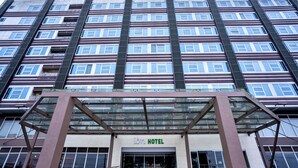 A multi-story hotel with a modern facade, large windows, and a prominent entrance with a glass canopy. - Ion Hotel (Baguio)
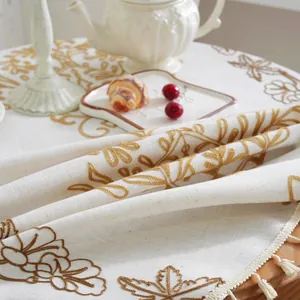 Detalle del bordado floral barroco nórdico en mantel de lino con flecos dorados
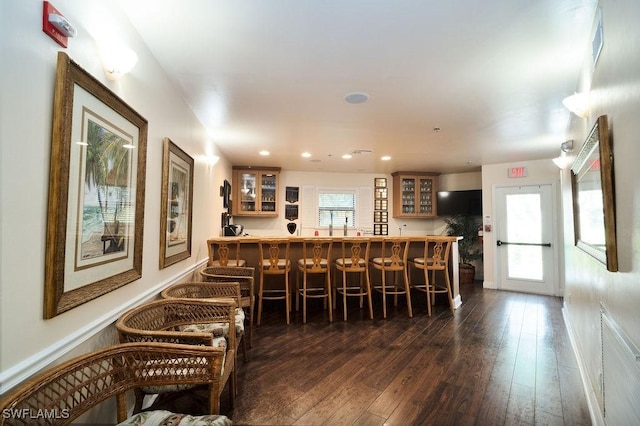 bar with a healthy amount of sunlight and dark hardwood / wood-style flooring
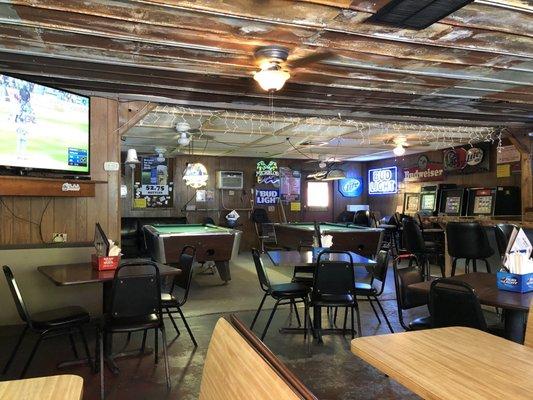 Pool tables and games behind eating area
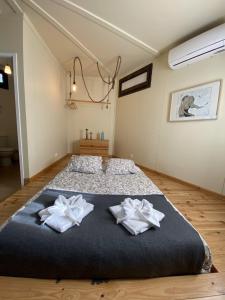 a bedroom with a large bed with two towels at YMCA Camp Alambre in Azeitao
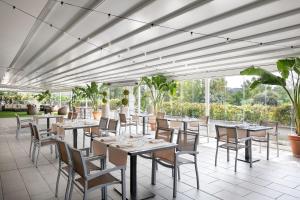 罗马罗马中心公园万豪酒店的餐厅设有桌椅和窗户。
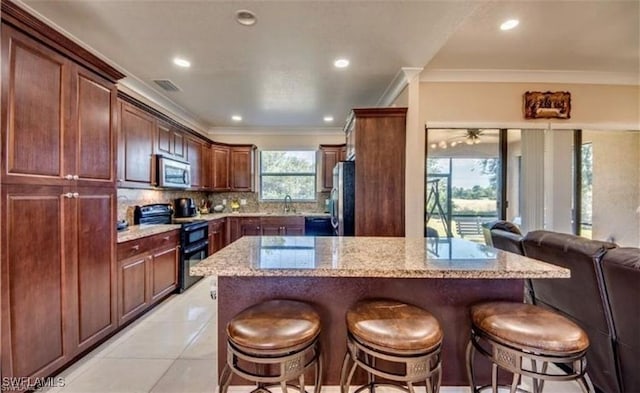 kitchen featuring light stone counters, light tile patterned floors, ornamental molding, stainless steel appliances, and backsplash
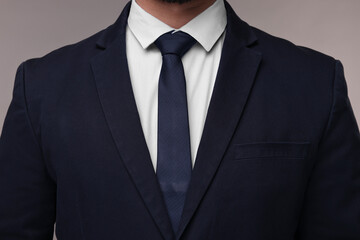 Businessman in suit and necktie on grey background, closeup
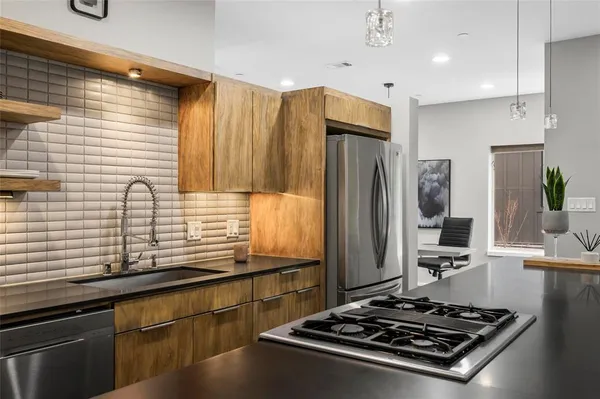 a kitchen with stainless steel appliances a stove and a refrigerator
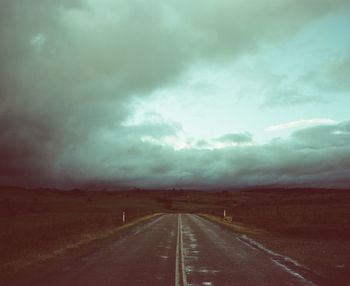 Empty road amidst landscape against cloudy sky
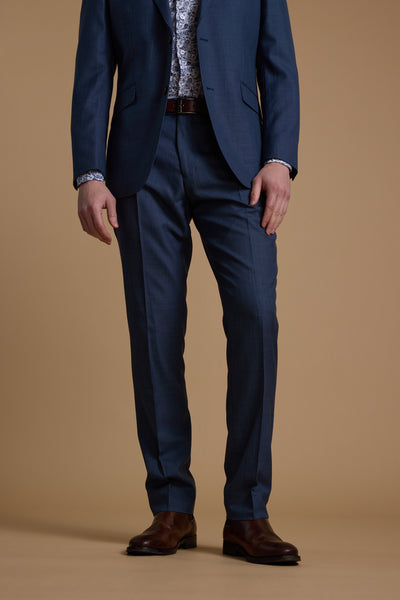 A man, shown from the neck down, models Barkers’ Morden Texture Suit Trouser—men’s blue dress pants—in a tailored fit with a patterned shirt, brown belt, and brown shoes against a plain tan background.
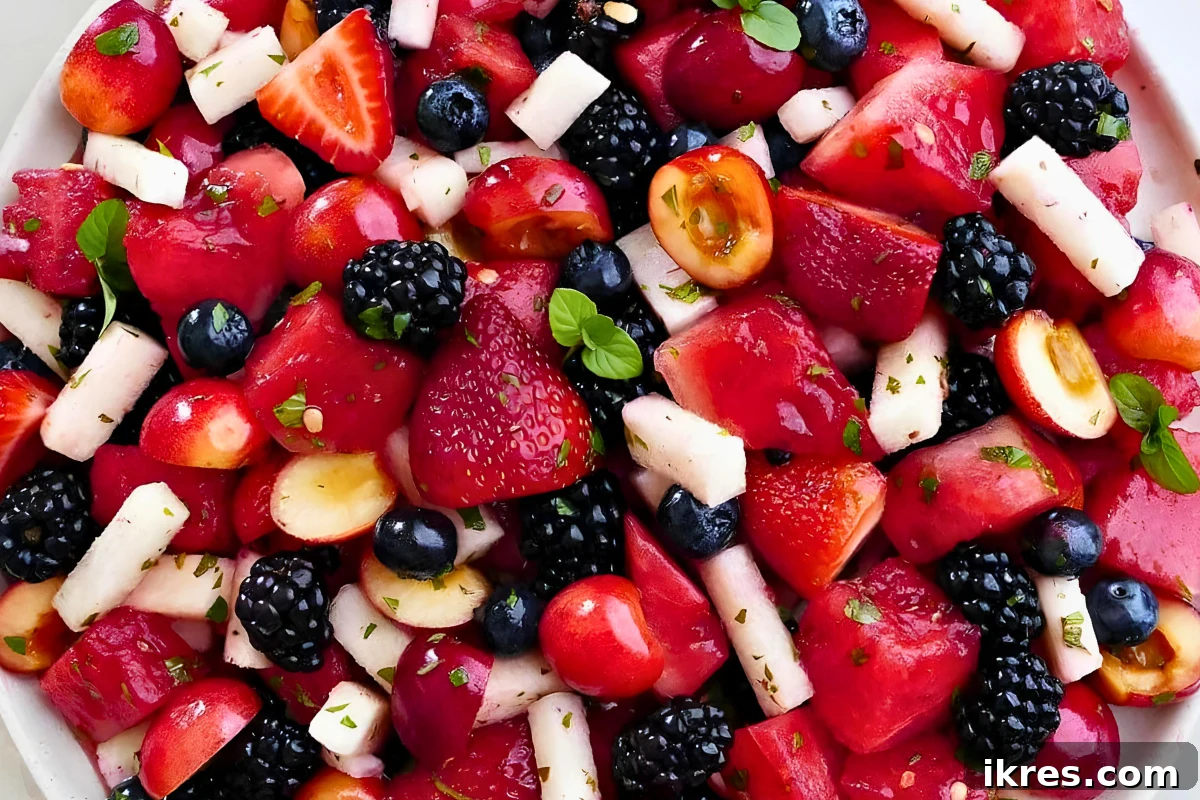 No Oven, No Sweat: 19 Easy Desserts to Cool Your Summer 16 Fresh and colorful Red, White, and Blue Fruit Salad with berries, cherries, and watermelon.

• **Task instructions**: After locating "Pool tables and games behind eating area" and "A man, shown" in the records above, return exactly the line holding each one and every line between them; leave out the pictures.

• **Solution below**:
 Pool tables and games behind eating area
 a bedroom with a large bed with two towels at YMCA Camp Alambre in Azeitao
 罗马罗马中心公园万豪酒店的餐厅设有桌椅和窗户。
 kitchen featuring light stone counters, light tile patterned floors, ornamental molding, stainless steel appliances, and backsplash
 Businessman in suit and necktie on grey background, closeup
 a kitchen with stainless steel appliances a stove and a refrigerator
 Empty road amidst landscape against cloudy sky
 A man, shown from the neck down, models Barkers’ Morden Texture Suit Trouser—men’s blue dress pants—in a tailored fit with a patterned shirt, brown belt, and brown shoes against a plain tan background.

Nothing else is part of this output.